This work addresses the challenge of legged robots navigating narrow environments where their body size impedes active obstacle removal, thereby degrading navigation efficiency. We propose an arm-assisted active interaction navigation method. Methodologically, we introduce a novel two-stage reinforcement learning reward mechanism that jointly optimizes contact configuration feasibility and pushing motion stability; further, we integrate an end-to-end arm control policy into the legged robot navigation framework—incorporating kinematic constraint modeling, dynamic contact point tracking, and sim-to-real co-training. Experiments demonstrate: 40% faster policy convergence in simulation; 22% shorter path length and 18% reduction in average traversal time on hardware; and robust multi-step obstacle-pushing navigation in cluttered, complex environments. This work breaks from conventional passive obstacle avoidance paradigms, establishing a new framework for autonomous navigation in confined spaces.

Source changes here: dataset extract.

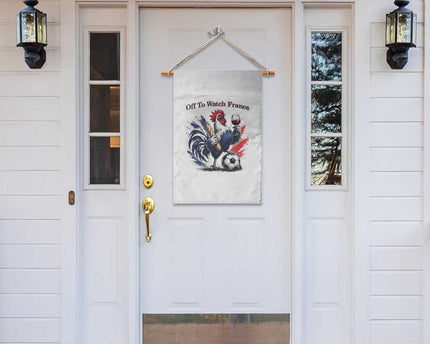 Funny French Rooster Soccer Fan Garden Flag Off To Watch France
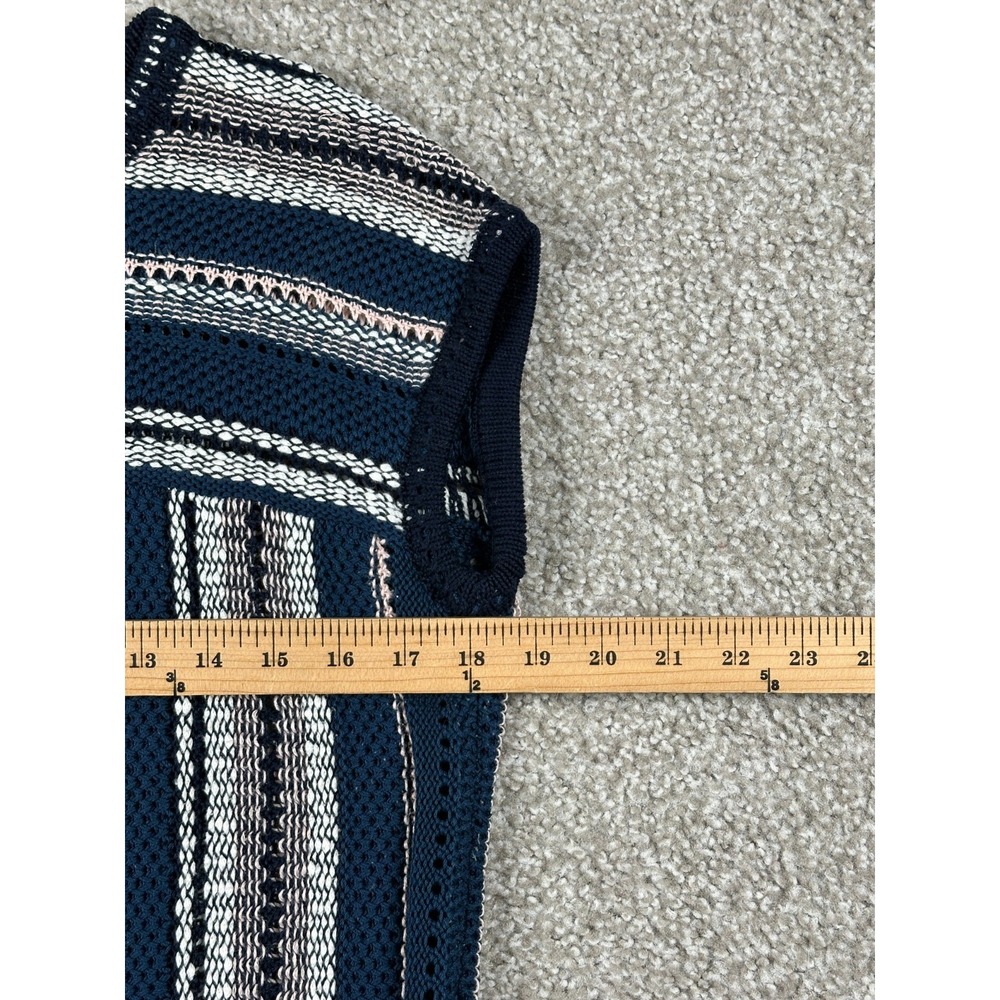 Tory Burch Sweater Womens XS Blue‎ Geometric Top Linen Blend Crochet Sleeveless - Picture 6 of 9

Interactive navigation is crucial in scenarios where proactively interacting with objects can yield shorter paths, thus significantly improving traversal efficiency. Existing methods primarily focus on using the robot body to relocate large obstacles (which could be comparable to the size of a robot). However, they prove ineffective in narrow or constrained spaces where the robot's dimensions restrict its manipulation capabilities. This paper introduces a novel interactive navigation framework for legged manipulators, featuring an active arm-pushing mechanism that enables the robot to reposition movable obstacles in space-constrained environments. To this end, we develop a reinforcement learning-based arm-pushing controller with a two-stage reward strategy for large-object manipulation. Specifically, this strategy first directs the manipulator to a designated pushing zone to achieve a kinematically feasible contact configuration. Then, the end effector is guided to maintain its position at appropriate contact points for stable object displacement while preventing toppling. The simulations validate the robustness of the arm-pushing controller, showing that the two-stage reward strategy improves policy convergence and long-term performance. Real-world experiments further demonstrate the effectiveness of the proposed navigation framework, which achieves shorter paths and reduced traversal time. The open-source project can be found at https://github.com/Zhihaibi/Interactive-Navigation-for-legged-manipulator.git.